__Material provided__
=== Section Start ===

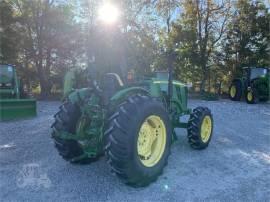 2014 JOHN DEERE 5085E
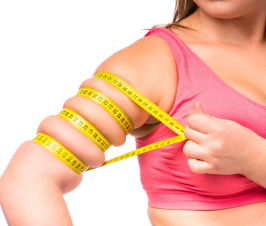 Body Fat Drastically Increases Risk of Bypass Surgery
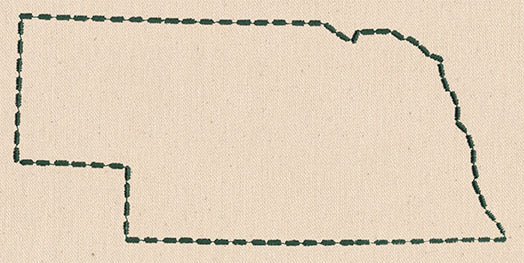 State of the Heart - Nebraska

=== Section End ===

Give the data above back unchanged, except for the pictures.

__Result of the exercise__
 2014 JOHN DEERE 5085E
 Body Fat Drastically Increases Risk of Bypass Surgery
 State of the Heart - Nebraska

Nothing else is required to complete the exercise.